■ INSTRUCTIONS FOR THE TASK
Make an exact transcript of the lines in the data below, starting with the one containing "Women Wearing Noorzaib" and going on through the one containing "CHANEL Handbag Pink", with both included and the pictures left out.

Brief descriptive captions

* * *

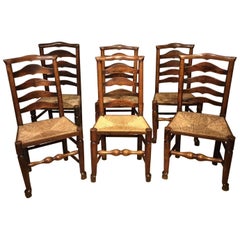 Good Harlequin Set of Eight Mid-19th Century Ash and Elm Ladder Backs Chairs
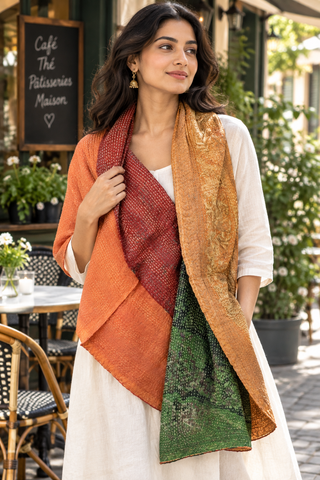 Kantha Silk Reversible Scarf-Stole  - Red/Orange/Green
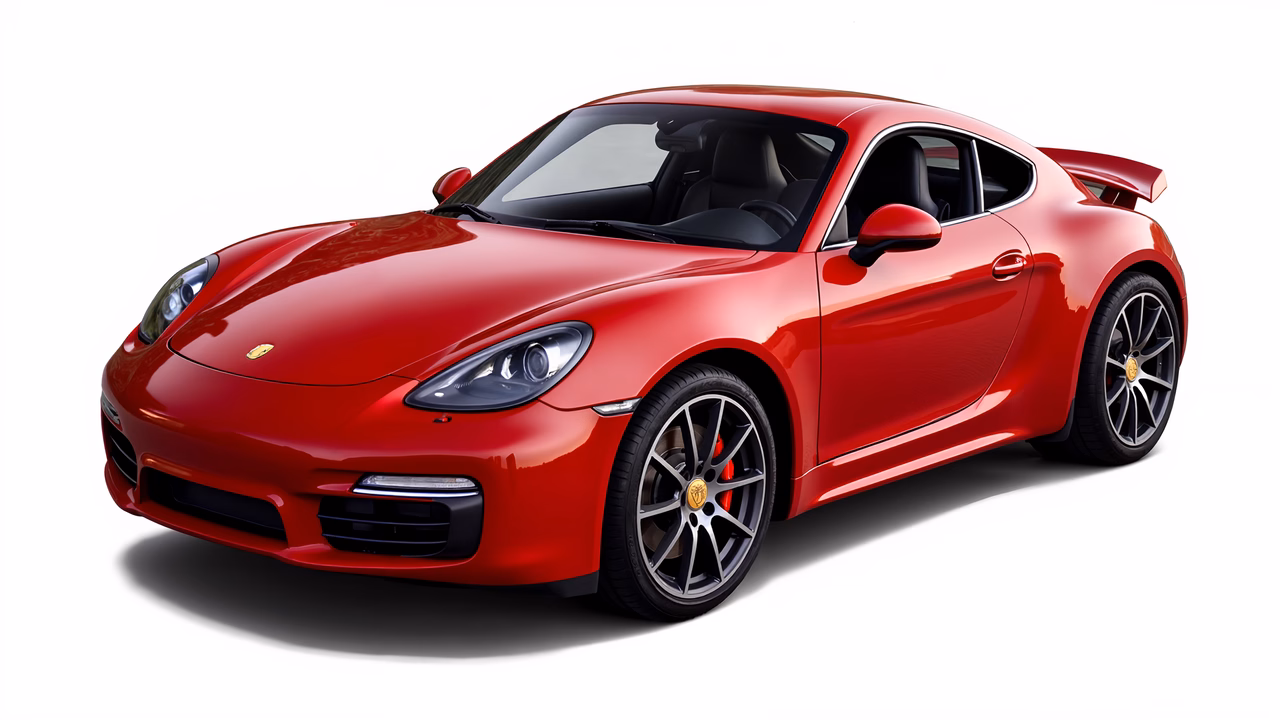 Sleek red Porsche sports car on a white background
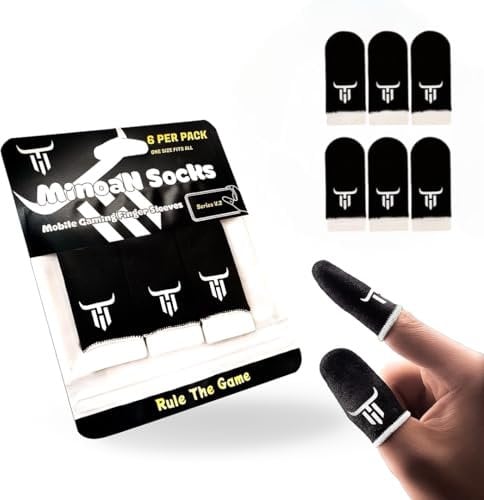 Minoan Socks® Pack of 6 Gaming Fingerhülsen Mobiles Spiel Fingerhüllen Gaming Fingerhandschuhe Pubg Thumbs Mobile Esports Gaming Fingersleeves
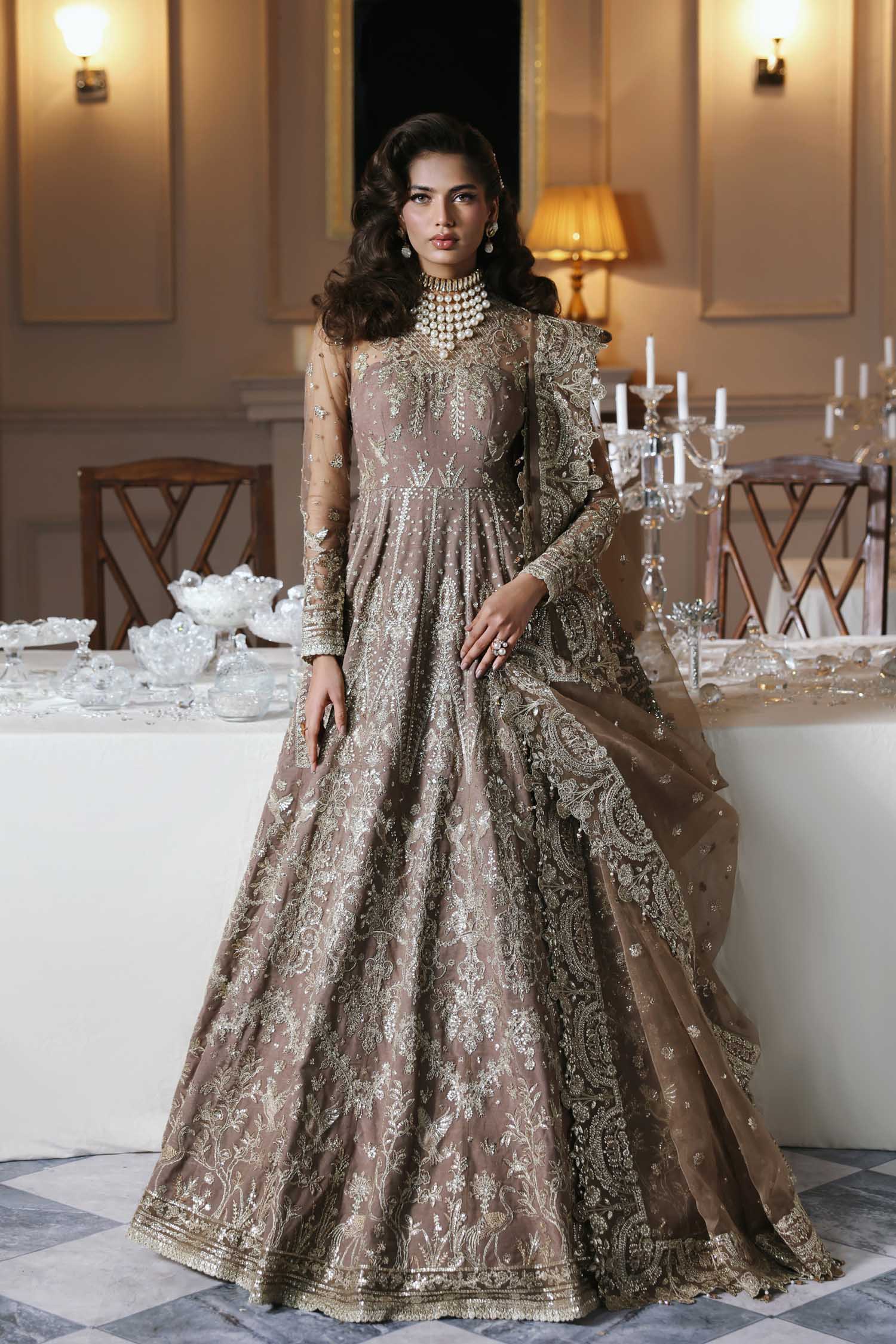 Women Wearing Noorzaib Champagne Peshwas For Formals Events - Pakistani Designer Wear For Women In UK | Kifat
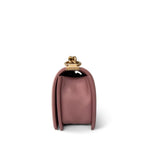 CHANEL Handbag Pink 20A Metallic Pink Calfskin Quilted Small Boy Bag Aged Gold Hardware - Redeluxe
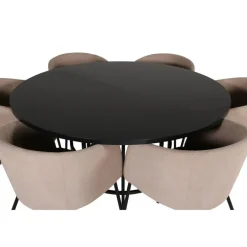 Copenhagen Rundt Spisebordssæt - Beige og Sort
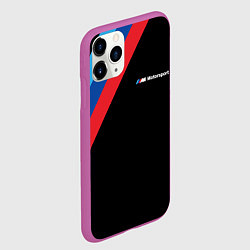 Чехол iPhone 11 Pro матовый BMW Motosport - Три линии, цвет: 3D-фиолетовый — фото 2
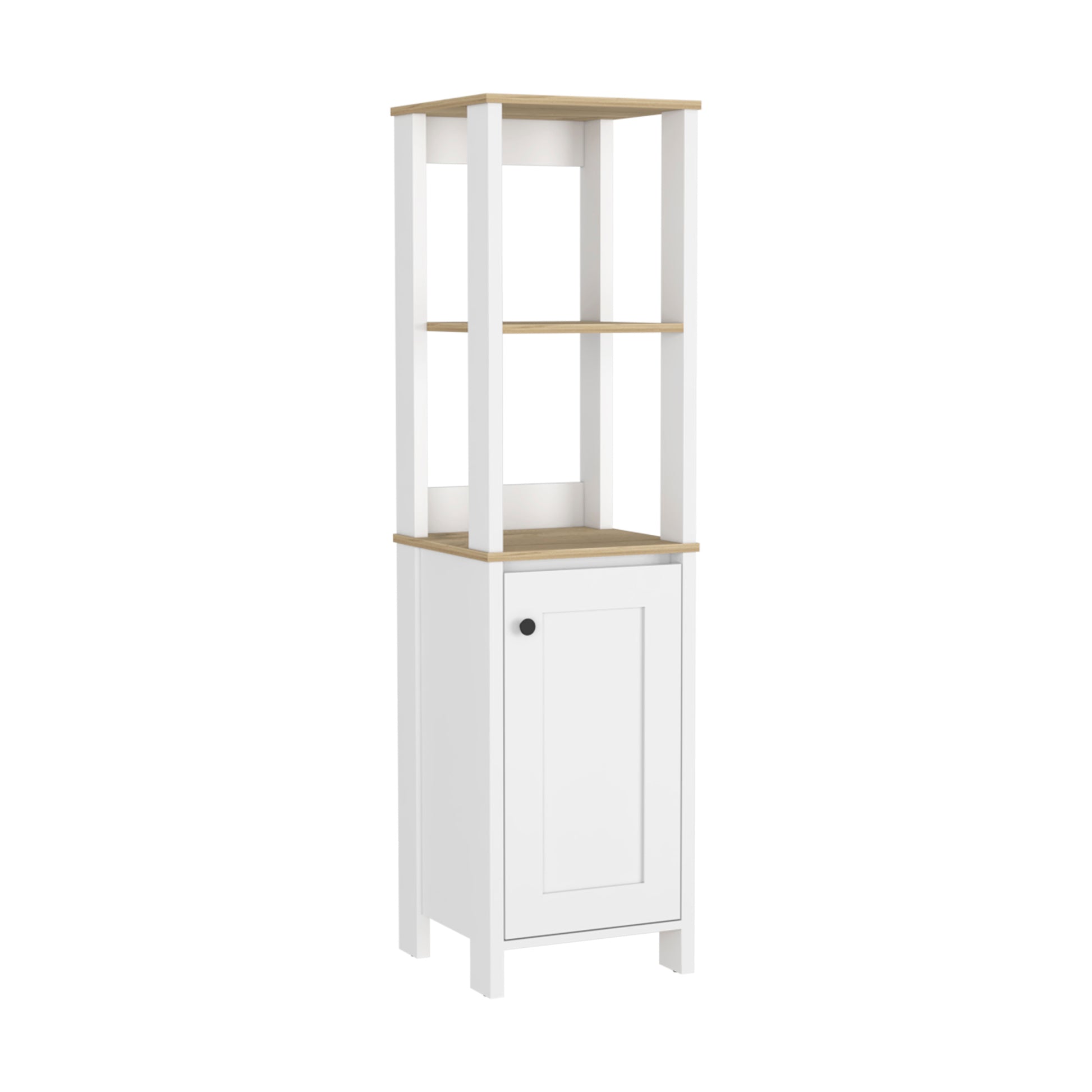 Linen Cabinet Jannes, Two Open Shelves, Single Door, Light Oak White Finish Light Oak Particle Board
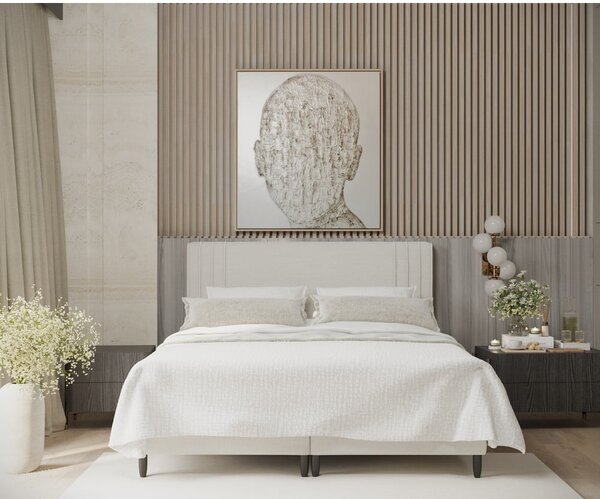 Béžová čalúnená dvojlôžková posteľ s úložným priestorom 200x200 cm Musca – Maison de Rêve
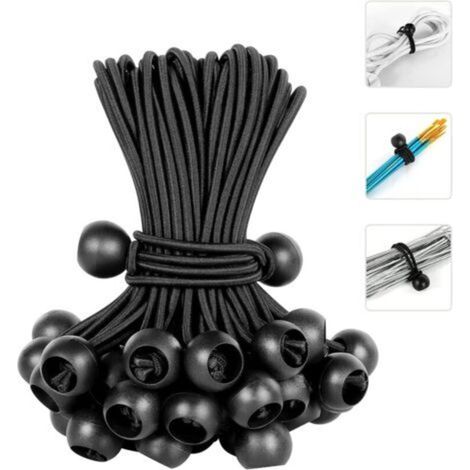25 Stück Schwarze Elastische Bungee-seile, Planenspanner, Kugel-bungee-seile Für Zelte, Planen, Poster, Camping, 20 Cm Gummi-bungee-seile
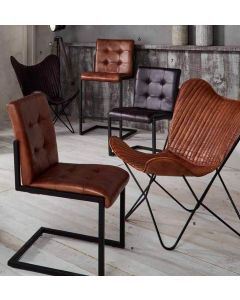 Aged Brown Leather Butterfly Chair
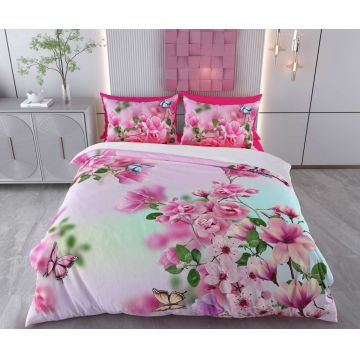 Lenjerie de pat dubla Super King (FR), 3 piese, L'essentiel Maison, Begona, Bumbac;Poliester, Alb / Roz / Verde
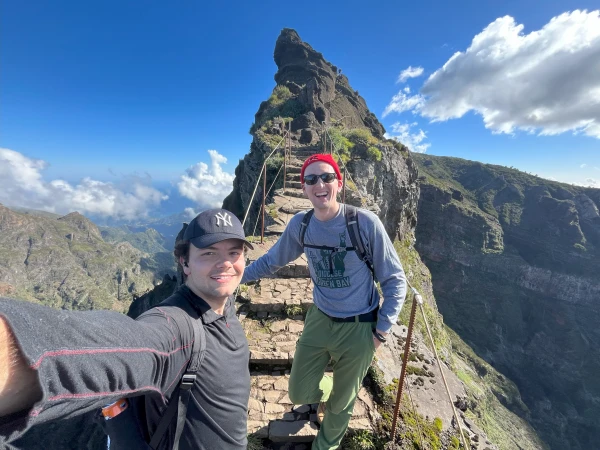 Deacon Nicholas (Nico) Stellpflug with a friend on the "Pico do Arieiro" peak in Madeira, Portugal, during Christmas break 2023. Credit: Photo courtesy of Deacon Nicholas Stellpflug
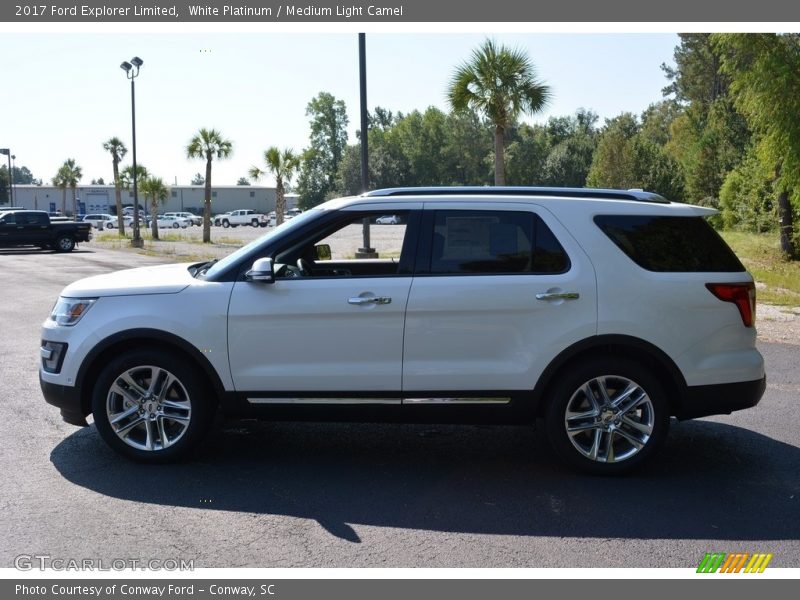 White Platinum / Medium Light Camel 2017 Ford Explorer Limited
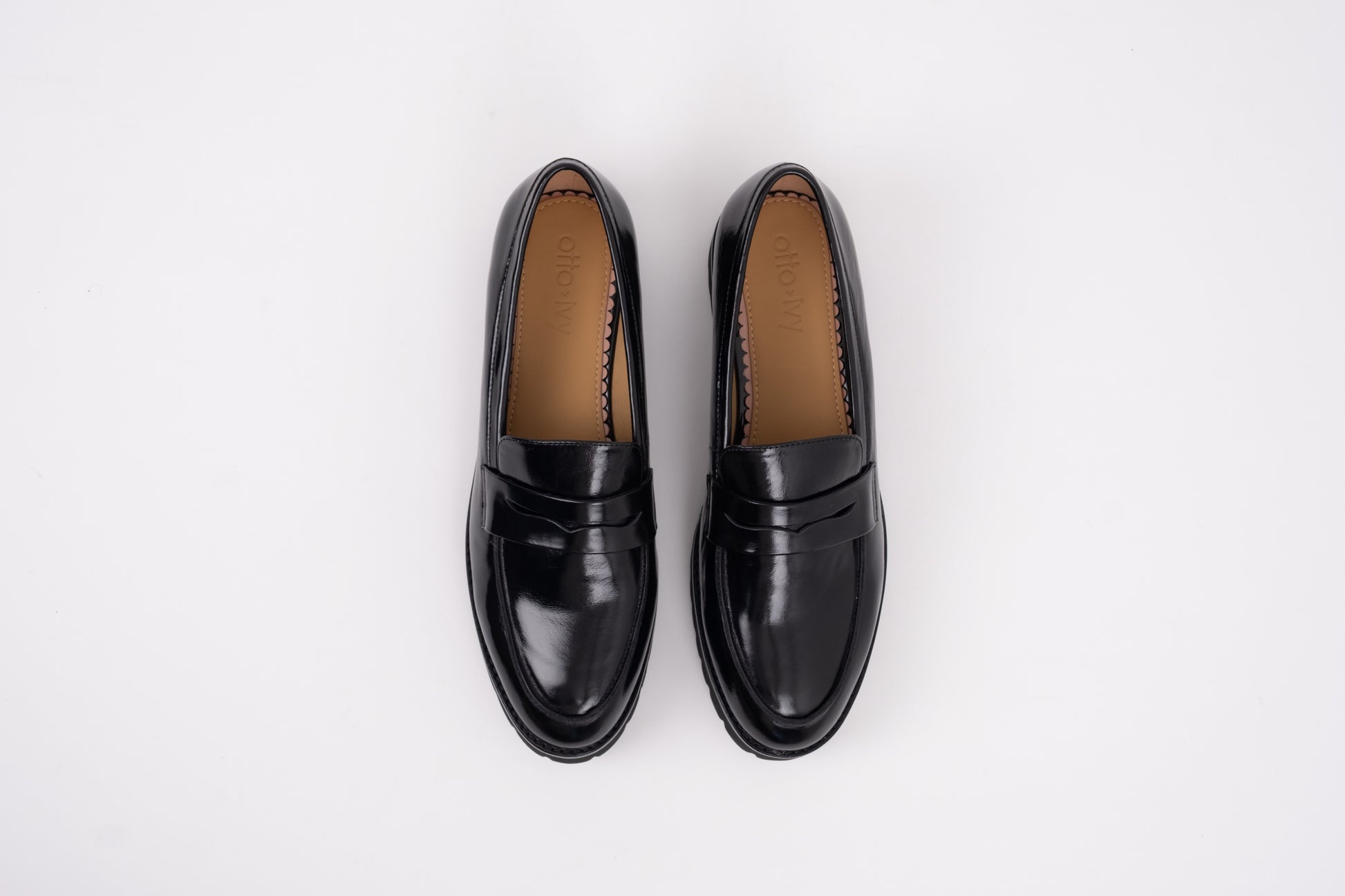Large size black leather chunky Kendall Jenner loafer in sizes 8 9 10 11 12 standard and wide fit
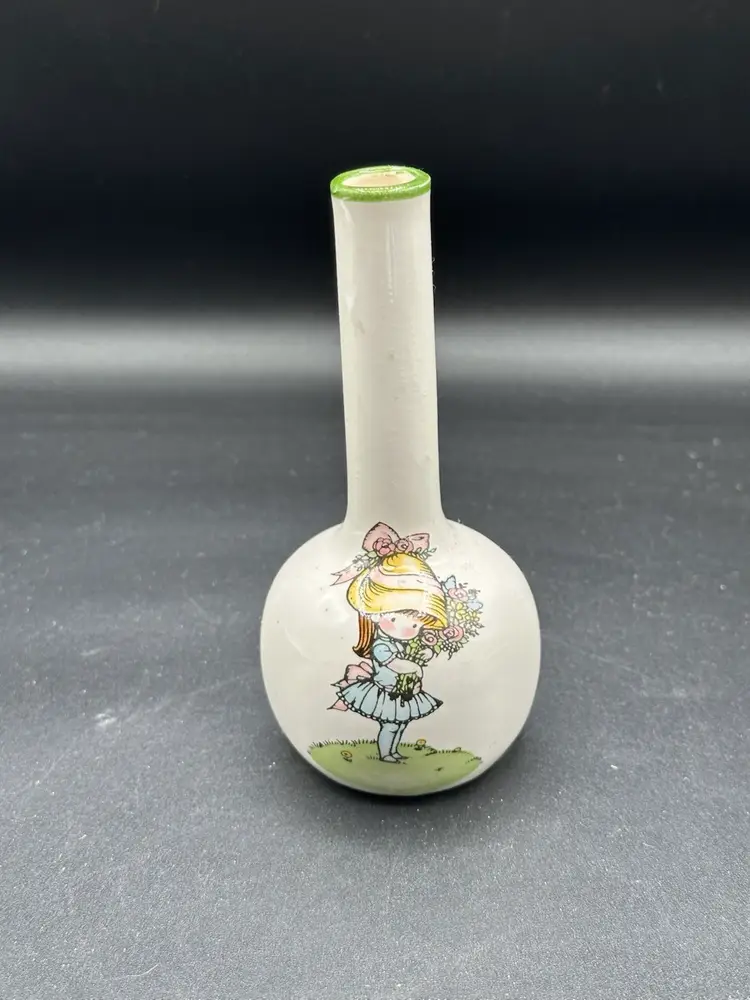 Vintage 1974 Joan Walsh Anglund Ceramic Flower Bud Vase Sweet Remembrance Rose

* * *

■ ANSWER BELOW
 Women Wearing Noorzaib Champagne Peshwas For Formals Events - Pakistani Designer Wear For Women In UK | Kifat
 CHANEL Handbag Pink 20A Metallic Pink Calfskin Quilted Small Boy Bag Aged Gold Hardware - Redeluxe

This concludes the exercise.